Duyckaerts C, Hauw J J
Laboratoire de Neuropathologie R. Escourolle, Hôpital de La Salpêtrière, Paris, France.
Neurobiol Aging. 1997 Jul-Aug;18(4 Suppl):S33-42. doi: 10.1016/s0197-4580(97)00067-5.
Rather than determining lesions "threshold" between "normal" cases and patients, we prefer to use clinicopathological correlations, assigning a given intellectual deficit to a given amount of lesions with a chosen level of probability. Because large amounts of A beta diffuse deposits may be found in the absence of dementia, we think advisable not to take them into account for the diagnosis.

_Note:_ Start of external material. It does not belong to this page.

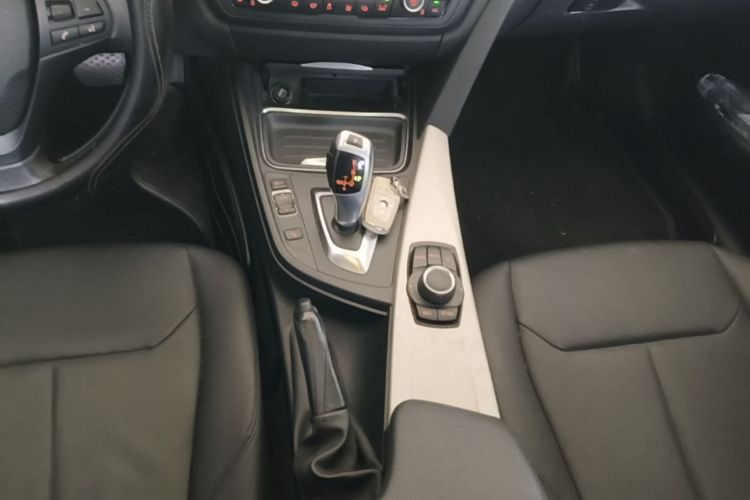 BMW 3 Series 2015 #14 BMW 3 Series 2015 car image #14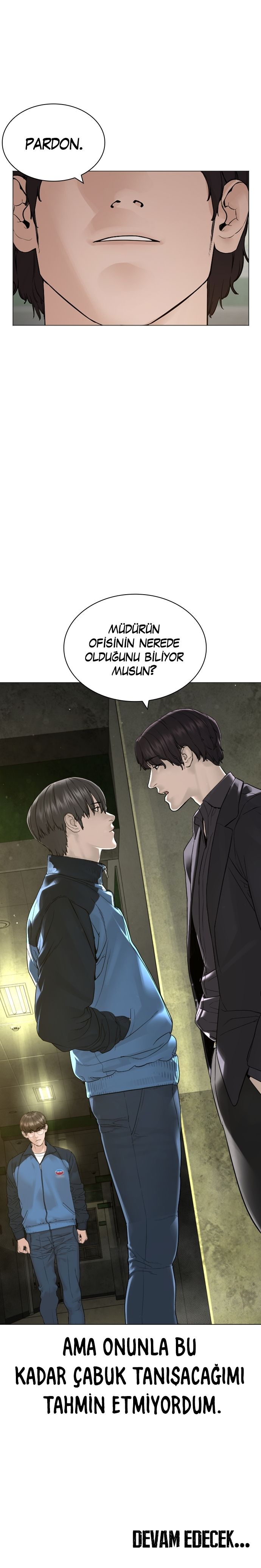 Read How To Fight tr Manga Online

The diffusion of the neurofibrillary tangles in the paralimbic, limbic and isocortical areas (described by braak and Braak stages or by the number of areas containing tangles) and the density of isocortical senile plaques (A beta focal deposits) as assessed by the CERAD protocol are both correlated with the intellectual status but give complementary information. They should thus be jointly used. We analyzed the variability of the lesions counts, their coefficients of error, and their causes, as a first step toward standardization. We have shown, however, that semiquantitative estimates are presently more reproducible than quantitative measures.
我们更倾向于使用临床病理相关性,而不是确定“正常”病例与患者之间病变的“阈值”,即将特定的智力缺陷与特定数量的病变以选定的概率水平相关联。由于在没有痴呆的情况下可能会发现大量β淀粉样蛋白弥漫性沉积,我们认为在诊断时不考虑它们是明智的。神经原纤维缠结在边缘旁、边缘和等皮质区域的扩散(由Braak和Braak分期或含有缠结的区域数量描述)以及通过CERAD方案评估的等皮质老年斑(β淀粉样蛋白局灶性沉积)密度均与智力状态相关,但提供互补信息。因此,它们应联合使用。作为标准化的第一步,我们分析了病变计数的变异性、其误差系数及其原因。然而,我们已经表明,目前半定量估计比定量测量更具可重复性。